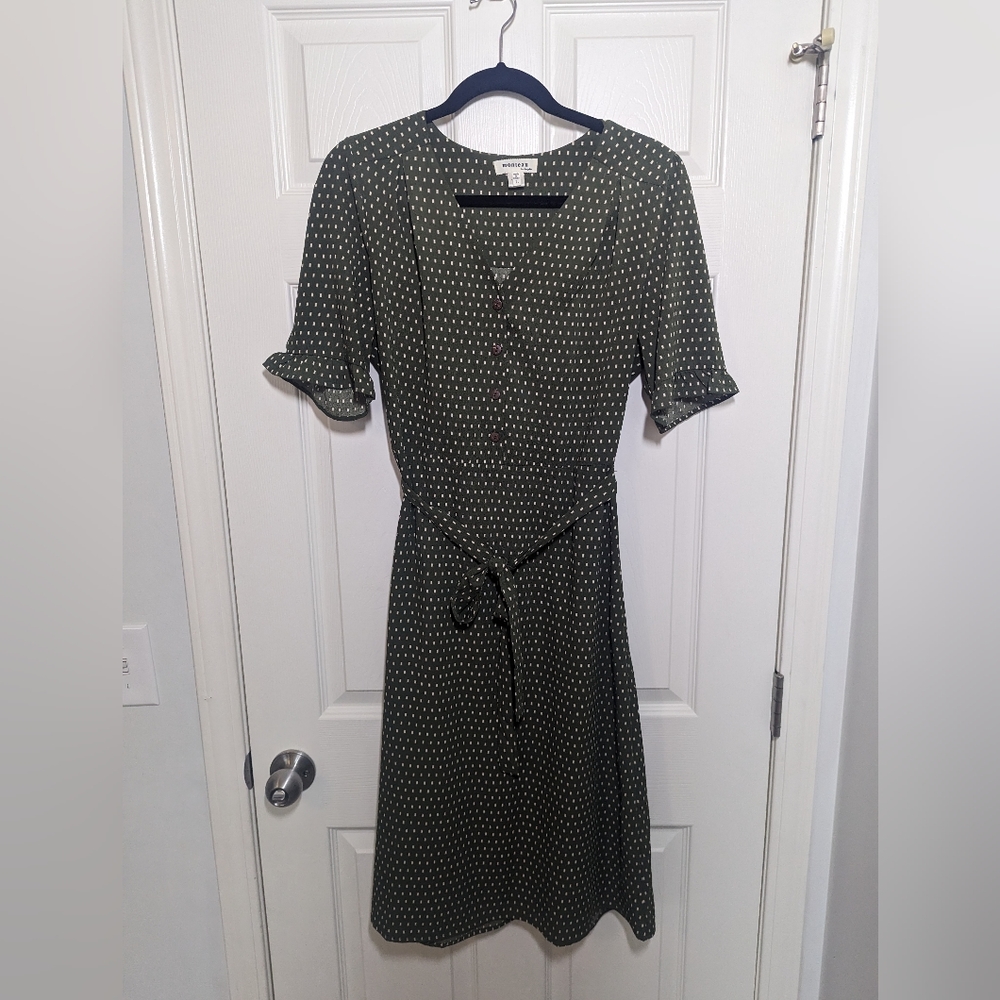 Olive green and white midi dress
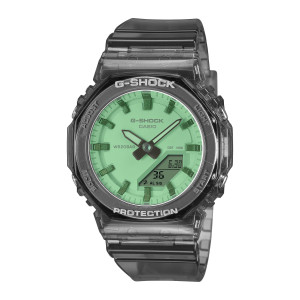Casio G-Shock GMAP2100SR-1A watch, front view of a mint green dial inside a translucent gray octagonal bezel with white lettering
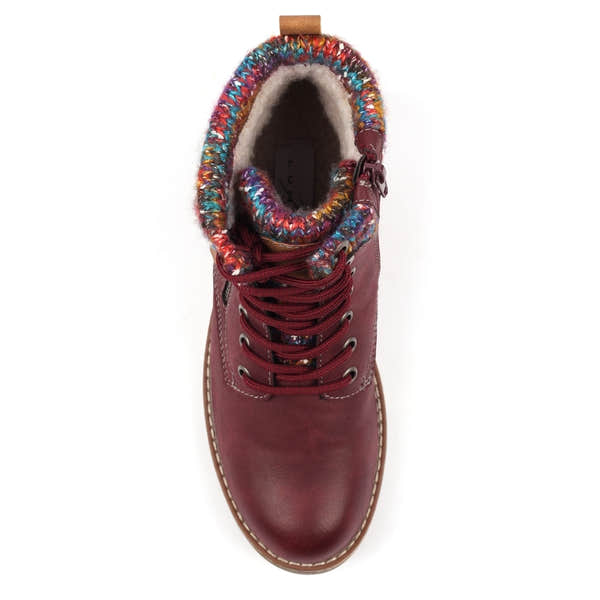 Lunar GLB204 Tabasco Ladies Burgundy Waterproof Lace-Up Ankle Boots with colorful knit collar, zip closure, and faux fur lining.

» Work required
Begin at the first line of the listing and print each line exactly. Stop after the line containing "Casio G-Shock GMAP2100SR-1A", and omit all pictures.

» Answer area
 Olive green and white midi dress
Casio G-Shock GMAP2100SR-1A watch, front view of a mint green dial inside a translucent gray octagonal bezel with white lettering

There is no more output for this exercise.